Comme dans le cas du rapport de l'ONU, le gouvernement n'a pas même tenté
de réfuter les preuves accablantes de crimes pour lesquels il est
responsable. Plutôt, sachant que ce ne serait pas contredit par les partis
d'opposition ou les médias, il a simplement répété que l'armée n’a tué aucun
civil, et qu’elle menait une « opération humanitaire », et que le film est
de la pure « propagande du LTTE ».
Le jour suivant la diffusion du documentaire, le secrétaire à la Défense,
Gotabhaya Rajapakse a lancé une attaque cinglante contre le film, affirmant
que des éléments du LTTE avaient soudoyé Channel 4 afin qu’elle le produise.
« Une fois de plus, certains éléments pro-LTTE ont utilisé la chaîne de
nouvelles Channel 4, après lui avoir offert de l’argent, dans le but de
ternir l’image du gouvernement sri lankais et de l’armée », a-t-il dit. Il
n’a fourni aucune preuve pour soutenir ces allégations.
Le secrétaire à la Défense, à l’instar de son frère, le président Mahinda
Rajapakse, est directement impliqué dans les crimes de guerre et les
violations des droits de l’homme commis par l’armée.
Prenant la parole le 17 juin, Gothabaya Rajapakse a déclaré que « le
temps est venu pour le peuple patriotique de se rallier pour contrer les
défis internationaux auxquels fait face la mère patrie. Les restes du LTTE
sur la scène internationale, avec les éléments pro-LTTE, tentent
présentement d’aller une nouvelle fois de l’avant avec leur mouvement
séparatiste. »
L’allure de défenseur d’une petite île que se donne le gouvernement
contre les activités prédatrices des grandes puissances est absurde. En
lançant sa guerre criminelle, le président Rajapakse a courtisé les grandes
puissances et les puissances régionales et avait leur appui, incluant les
États-Unis, la Chine, l’Union européenne et l’Inde. Ils ont ignoré le fait
que le gouvernement avait complètement bafoué le cessez-le-feu de 2002 et
les atrocités militaires qui ont provoqué la reprise des combats vers le
milieu de 2006. Les États-Unis, la Chine et l’Inde ont tous fourni une
assistance à l’armée sri-lankaise.
Si les États-Unis et l’Union européenne ont soulevé des critiques
limitées des atrocités dans les derniers mois de la guerre, ce n’était pas
parce qu’ils s’inquiétaient du sort des civils tamouls. Plutôt, Washington
craignait que Beijing ne gagne de l’influence auprès de Colombo à ses
dépens. Les États-Unis ont utilisé la menace de procès pour crimes de guerre
afin de mettre de la pression sur le gouvernement Rajapakse.
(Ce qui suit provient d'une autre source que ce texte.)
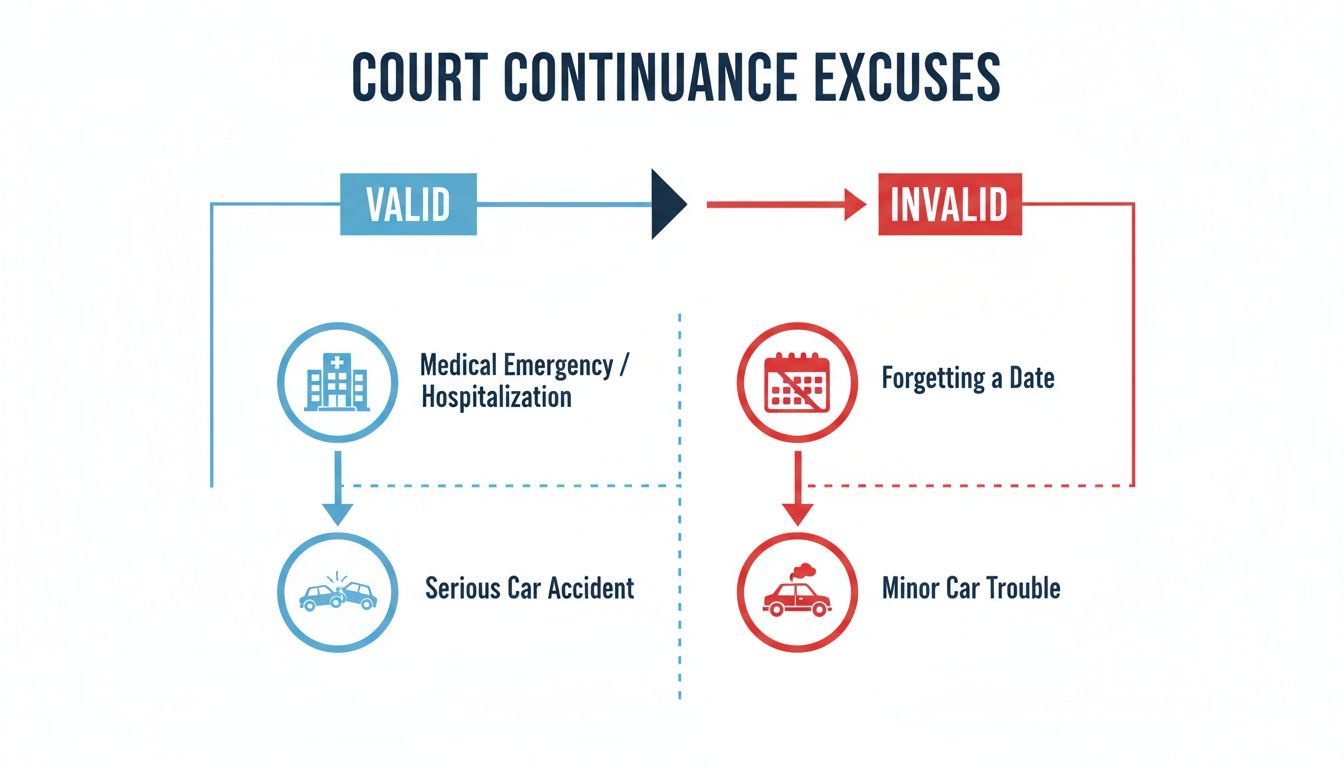 Diagrama de flujo que ilustra excusas válidas e inválidas de continuación judicial, incluidas emergencias médicas, accidentes automovilísticos, fechas olvidadas y problemas menores con el automóvil.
Rajapakse ne
serait pas le premier le premier partenaire des États-Unis à être rejeté et
à devenir la cible d'une campagne visant à le destituer.
Profitant de l’occasion offerte par le documentaire de Channel 4, le
ministre britannique des Affaires étrangères pour l’Asie du Sud, Alistair
Burt, a renouvelé la menace en émettant un avertissement : « Si le
gouvernement sri-lankais ne répond pas [à l’appel pour une enquête sur les
violations des droits de l’homme], nous [la Grande-Bretagne] allons appuyer
la communauté internationale en revisitant toutes les options disponibles
afin d’insister sur le fait que gouvernement sri-lankais doit remplir ses
obligations. »
Les déclarations des États-Unis et de l’Europe sur les crimes de guerre
au Sri Lanka sont complètement hypocrites. Tout comme l’armée sri-lankaise,
les forces d’occupation menées par les États-Unis en Afghanistan et en Irak
sont responsables de détentions arbitraires, de torture, de meurtres
extrajudiciaires et de meurtres de civils dans des frappes aériennes et des
opérations spéciales. C’est sur cette hypocrisie que le gouvernement
sri-lankais s’est accroché afin de détourner l’attention de ses propres
crimes.
En réplique aux commentaires de Burt, le ministère des Affaires
étrangères sri-lankais a demandé aux « pays amis » de ne pas proférer de
« menaces, mais laisser le temps et offrir du soutien pour restaurer ce qui
a été perdu au cours de trois décennies ». Autrement dit, personne ne
devrait être tenu responsable des crimes de guerre. Le ministère a qualifié
la vidéo d' « opération organisée par une petite section des médias
internationaux au nom de certains partis ayant des intérêts particuliers »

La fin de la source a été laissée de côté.